宮城っ子、メタボが心配?肥満割合全国上回る
宮城県が17日公表した2009年度学校保健統計調査によると、県内の全児童生徒に占める「肥満傾向児」の割合が、幼稚園児(5歳)から高校3年生までの全学年で全国平均を上回った。中学1年男子、小学2、6年女子は全国トップだった。学年別、男女別の肥満傾向児の割合は表の通り。調査対象の13学年のうち男子は10学年、女子は6学年が10位以内に入った。
http://www.kahoku.co.jp/news/2009/12/20091218t13029.htm
体重も全学年男女で全国平均を上回った。小学5年男子は36.5キロ、小学2年女子は24.7キロで1位だった。
肥満が多い原因について、県医師会で学校保健を担当する横山義正理事は「テレビやゲームに時間を使うことによる不規則な生活や運動不足が考えられる。改善には学校や家庭で生活習慣を見直し、食育を推進する必要がある」と指摘する。
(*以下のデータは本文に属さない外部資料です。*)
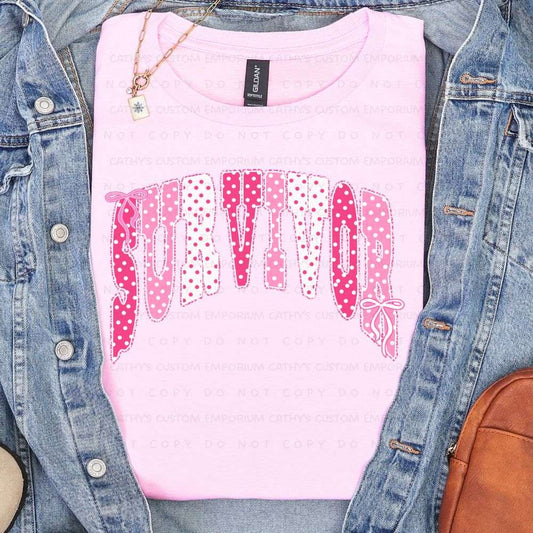 Light pink shirt featuring the word Survivor in pink and white polka-dot lettering with delicate bow accents for breast cancer awareness.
身長は高校3年の男女を除き全国平均以上だった。小学5年男子、小学6年女子の身長はそれぞれ140.4センチと148.1センチで1948年の調査開始以来、最高となった。小学5年男子と幼稚園女子(110.7センチ)は全国1位。
座高の平均値は男女とも全学年で全国平均以上だった。座高は高校1年男子が90.7センチで過去最高に並び、小学6年女子は80センチで過去最高だった。小学1、5年男子は全国1位で、それぞれ65.3センチ、75.7センチ。
調査対象は県内166校の1万3898人。今年4~6月の健康診断の結果を基に調べた。
◎運動やや苦手「体重の重さが一因」/全国体力テスト
県内の小学男子が全国平均値に比べて低い傾向が出た「全国体力・運動能力・運動習慣調査」(全国体力テスト)で、専門家は小中学校共通の課題として学校や家庭での生活習慣の改善を挙げる。
実技は握力や上体起こし、体前屈は全国平均と同等かそれ以上だったが、20メートルシャトルラン、立ち幅跳びなどは不振だった。児童生徒に占める肥満傾向児の割合は全国平均値よりも高く、小学男子は全国を3.3ポイント上回った。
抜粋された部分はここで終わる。